(Required work) Leave the pictures aside and copy all the data exactly.

(Data shown)

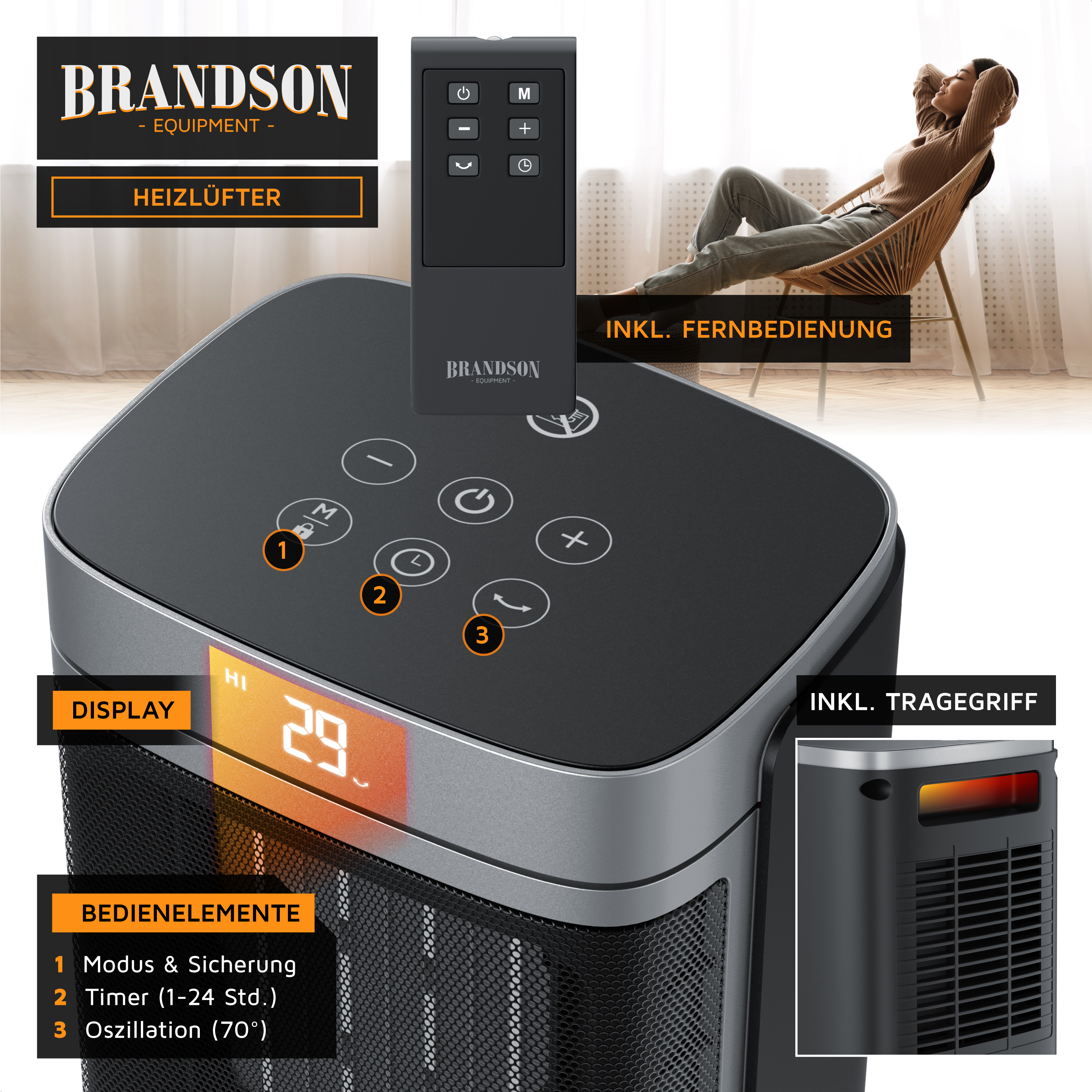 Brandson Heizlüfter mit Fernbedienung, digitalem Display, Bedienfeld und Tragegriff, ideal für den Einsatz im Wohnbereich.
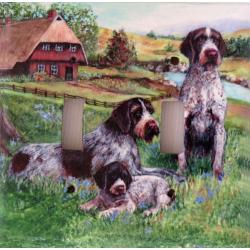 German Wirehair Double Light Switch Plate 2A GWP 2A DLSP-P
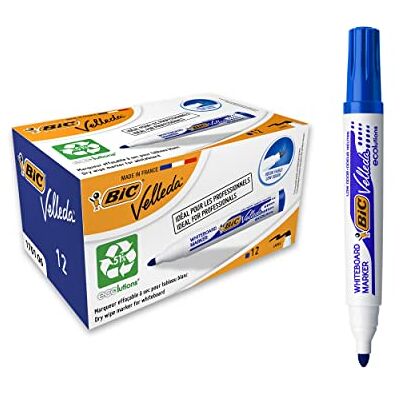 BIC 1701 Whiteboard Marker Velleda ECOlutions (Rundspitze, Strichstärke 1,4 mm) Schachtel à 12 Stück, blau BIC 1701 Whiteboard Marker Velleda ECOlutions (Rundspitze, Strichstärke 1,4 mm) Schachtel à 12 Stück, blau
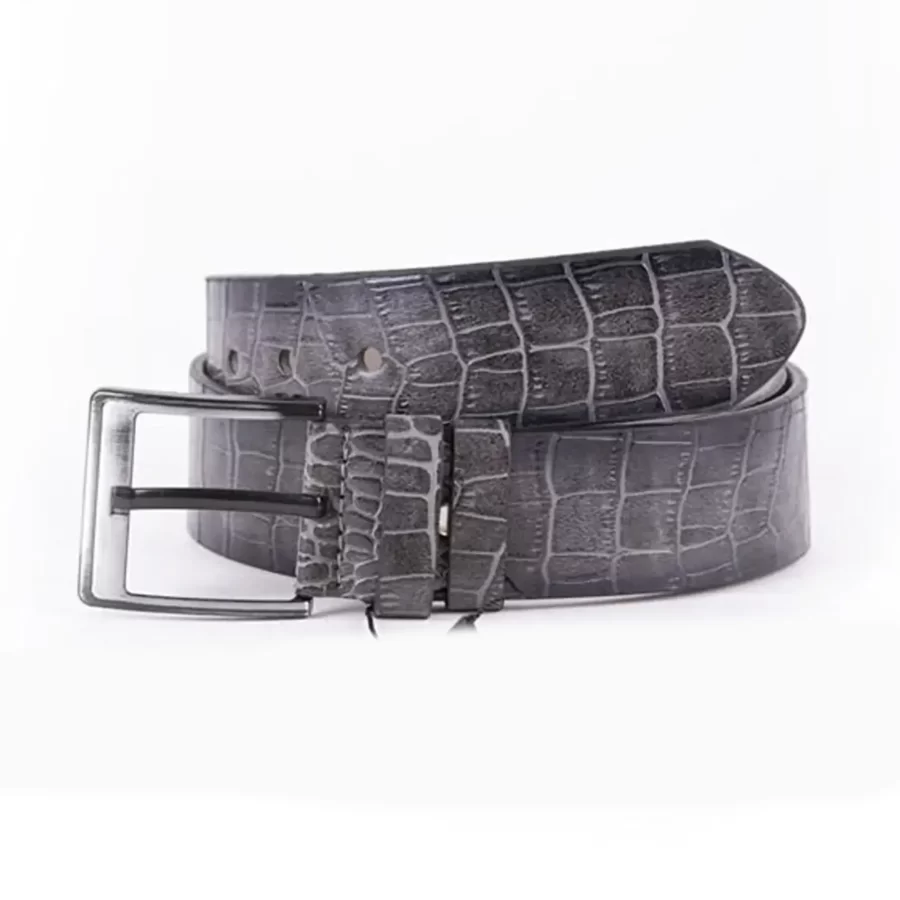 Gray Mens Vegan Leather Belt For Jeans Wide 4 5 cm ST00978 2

(Solved problem)
 Brandson Heizlüfter mit Fernbedienung, digitalem Display, Bedienfeld und Tragegriff, ideal für den Einsatz im Wohnbereich.
 German Wirehair Double Light Switch Plate 2A GWP 2A DLSP-P
 BIC 1701 Whiteboard Marker Velleda ECOlutions (Rundspitze, Strichstärke 1,4 mm) Schachtel à 12 Stück, blau BIC 1701 Whiteboard Marker Velleda ECOlutions (Rundspitze, Strichstärke 1,4 mm) Schachtel à 12 Stück, blau
 Gray Mens Vegan Leather Belt For Jeans Wide 4 5 cm ST00978 2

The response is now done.